3 Steps to Financial Independence after You've Saved your Emergency Fund

Congratulations! If you've saved enough money to cover six months of living expenses, you've made a serious dent in both your short-term, and long-term financial planning. And, chances are, you're as passionate about building real wealth as I am.

But what do you do next? I remember four years ago when I had finally socked away $30,000 in my money market account. I was laser-focused, and worked hard to hit that savings goal. But, I remember finally hitting my goal and wondering, what next?

Below are a few of the steps I've used to secure my family's financial future, and ensure I would be comfortable in retirement (without sucking all of the fun out of life in the short-term).

1. Debt is EVIL!

One of my favorite wealth building coaches is Dave Ramsey. He's full of personality, and has a passion for helping people build a solid financial foundation. If you tune into his podcasts, you'll probably hear his signature quote: "Debt is dumb, cash is king." And, on this point, I have to agree with him.

If you've saved up all of this money, and you're excited about the idea of compound interest, it's time to get rid of your debt. Why? Because, your debt is costing you each and every month, even if you pay your bills on-time. Those interest rates on your credit cards, personal loans, vehicles and mortgage are all eating into your net-worth.

I love the idea of converting every ounce of my earnings each pay-period into the things I'm passionate about. Instead of paying a fee to a bank or credit card company (in the form of an interest payment), I want every dollar I earn to go towards my living expenses and retirement.

So, if you want to enjoy financial independence, start throwing every extra dollar you have towards your debt!

2. Earn Money While You're Sleeping

Warren Buffet once said: "If you don't find a way to earn money while you sleep, you'll work until you die." This simple quote used to keep my up at night, because I wasn't earning money while I slept. Once I paid off my debt, I at least knew I wasn't losing money while I slept. But, it was time to kick my net-worth building into high-gear.

I knew I needed to start investing, but getting Warren Buffet on the phone to help me get started just wasn't practical. So, I turned to someone I could reach out to, who had investment experience and credibility. Adam Green, the Founder and CEO of Investoo, shared that:

"Starting out, diversification of your investments is critical. Take a look under the hood of your 401(k) and other retirement savings accounts. You'll want to make sure your investments are spread out in a way that makes sense, based on your age and other risk factors. You should also create your own retirement fund that you manage. Day-trading is risky, but if you're conservative and take the time to research different factors impacting the market, it's very possible to outperform the traditional retirement accounts and supercharge your net-worth."

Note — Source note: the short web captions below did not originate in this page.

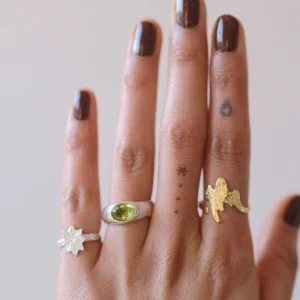 Close-up of a hand wearing two Silver Rings with natural peridot gemstones and a gold angel-shaped ring; elegant August Birthstone Ring styling with sculptural bands, vibrant green stones, and minimalist tattoos, showcasing handcrafted Natural Peridot Ring artistry.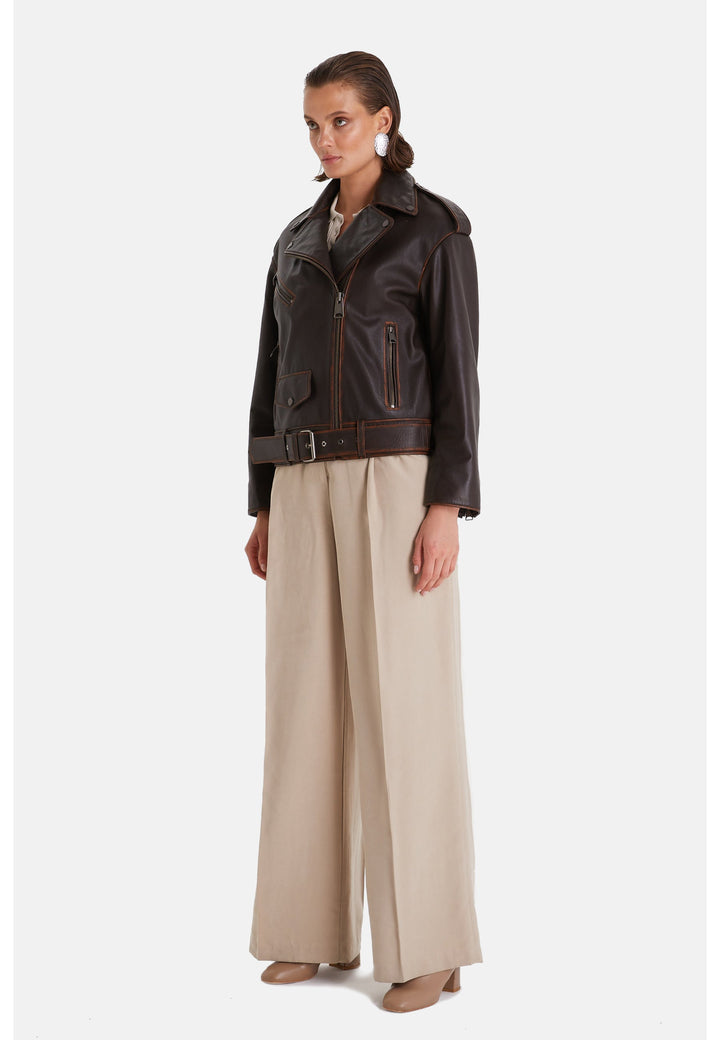 Woman wearing brown leather jacket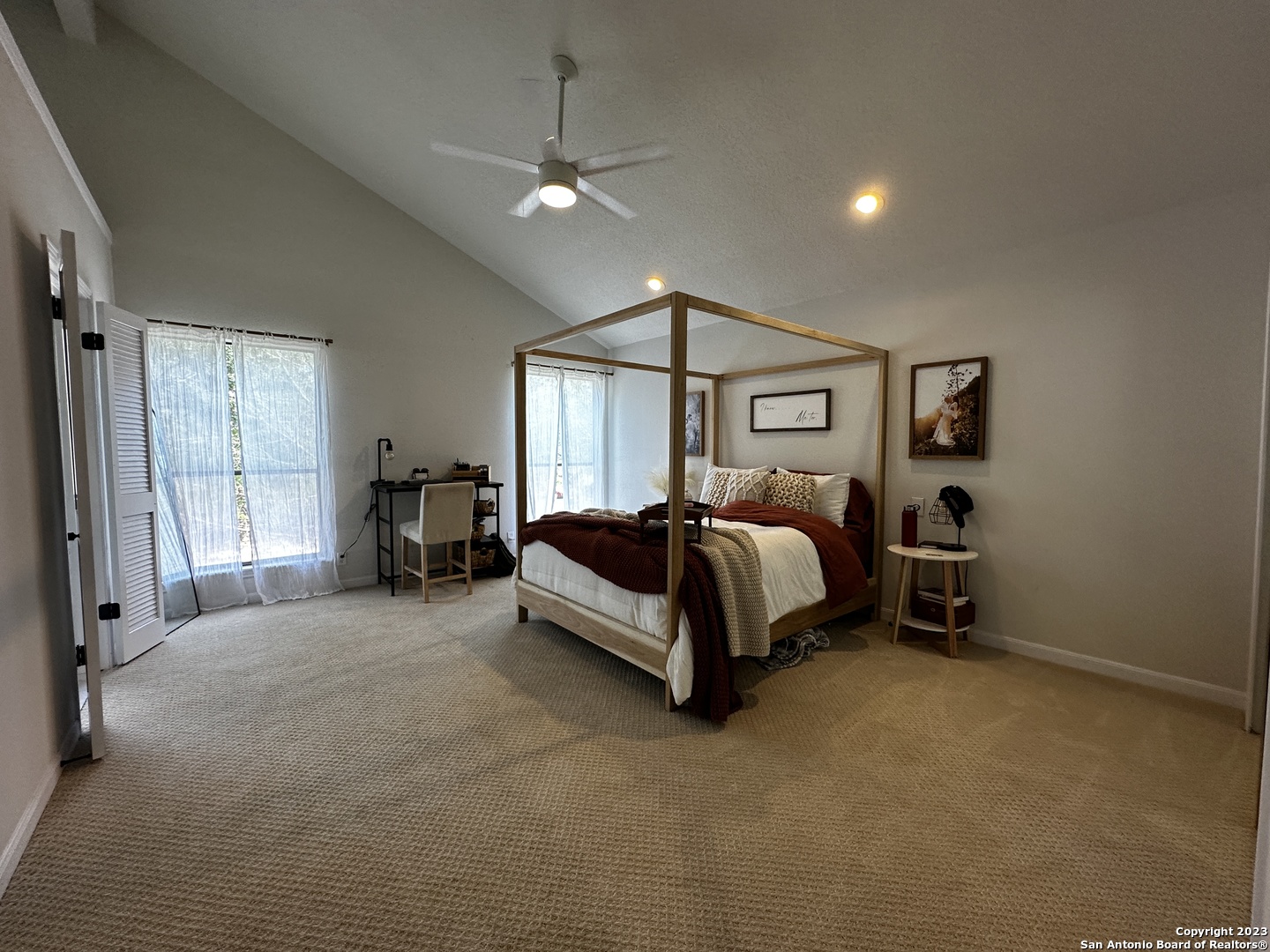 1722 Encino Spring San Antonio, TX 78259 - Photo 40 of 55 a spacious bedroom with a bed a chandelier and a window
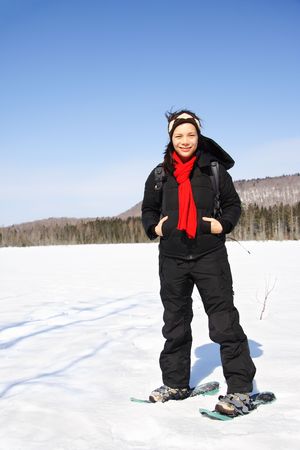 Woman winter hiking with snowshoes on frozen lake in Quebec, Canada.の写真素材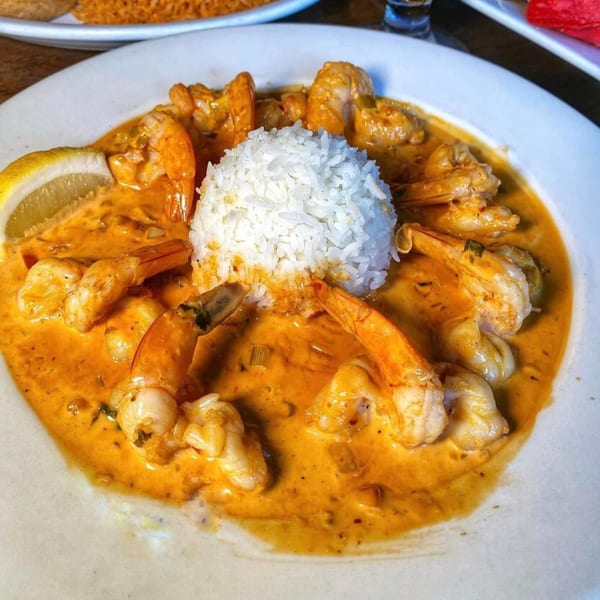 Shrimp in a rich orange sauce with a mound of white rice and a lemon wedge.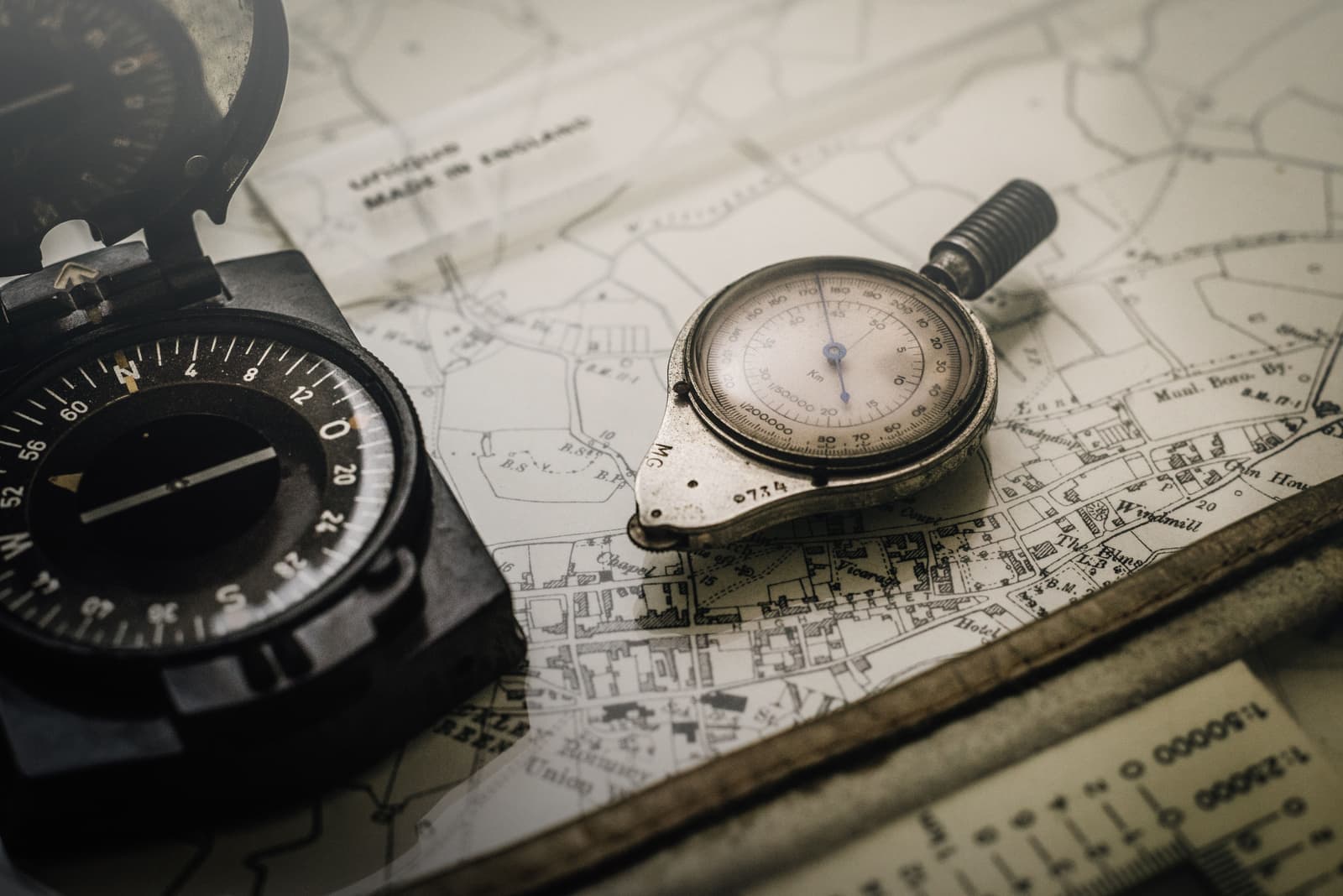 Compass and map measurer resting on a printed topographic map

3. Insure that You're Protected from Life's Ups and Downs

It's impossible to completely remove all risk from your life, but it's important to cover yourself for the events that are likely to occur, and potentially burn a hole in your financial picture. For example, life insurance is incredibly important for your family, in the event that something happens to you. If you're the sole breadwinner, how will your children pay for college, and how will your wife put food on the table while keeping a roof over your family's heads?

After the children have left the nest, and you're starting to approach retirement age, it's time to start paying for long-term care insurance. This insurance will kick-in in the event that you require nursing home care. Figures from a 2012 study highlight that nursing homes can cost as much as $222/per day! That's a mind-boggling $81,030 per year for the long-term care you or spouse may require as you age together. Don't let your retirement savings evaporate, or your loved ones have to take on the burden of providing for your financial needs in retirement.

Financial independence is about creating the foundation you need in order to feel secure as you age. It starts with having a solid emergency fund, which will prevent the need for you or your family to take on debt in an emergency. Having an emergency fund will allow you to make better decisions during a crisis, as the absence of short-term financial stress will pay huge dividends once the storm passes.

Becoming debt free and living a cash-based lifestyle will allow you to experience the true value of your hard-work. And, investing in a diverse portfolio will empower you to take advantage of long-term growth from compound-interest.

But, most importantly, financial independence means being completely responsible for life's expenses; avoiding the guilt and drama of becoming a burden to your loved ones in your remaining years. It might seem difficult, but the alternative is a life of hard-work that never ends, or a potential for impoverishment as you outlive your money. You can do this! Get started on the path today. Future you will be grateful.